### Exercise description
Give again the line that contains "Immunohistochemistry - Anti-KRT17" and every line after it to the end of the records. Keep them exactly as they are and add nothing.
[Start of Attachment]
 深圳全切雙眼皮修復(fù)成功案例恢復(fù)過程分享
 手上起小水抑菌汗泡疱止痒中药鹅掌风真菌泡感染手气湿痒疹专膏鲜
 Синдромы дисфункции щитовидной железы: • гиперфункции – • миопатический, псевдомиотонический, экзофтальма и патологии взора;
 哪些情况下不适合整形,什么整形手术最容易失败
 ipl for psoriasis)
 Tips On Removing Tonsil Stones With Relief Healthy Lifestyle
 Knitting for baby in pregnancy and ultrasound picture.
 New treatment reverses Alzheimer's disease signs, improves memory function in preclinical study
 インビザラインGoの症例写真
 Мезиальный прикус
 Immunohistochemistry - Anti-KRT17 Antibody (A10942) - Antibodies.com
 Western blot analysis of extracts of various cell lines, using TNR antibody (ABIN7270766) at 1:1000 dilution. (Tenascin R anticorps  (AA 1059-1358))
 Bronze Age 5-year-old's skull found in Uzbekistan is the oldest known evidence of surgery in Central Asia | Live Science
[End of Attachment]
### Response area
 Immunohistochemistry - Anti-KRT17 Antibody (A10942) - Antibodies.com
 Western blot analysis of extracts of various cell lines, using TNR antibody (ABIN7270766) at 1:1000 dilution. (Tenascin R anticorps  (AA 1059-1358))
 Bronze Age 5-year-old's skull found in Uzbekistan is the oldest known evidence of surgery in Central Asia | Live Science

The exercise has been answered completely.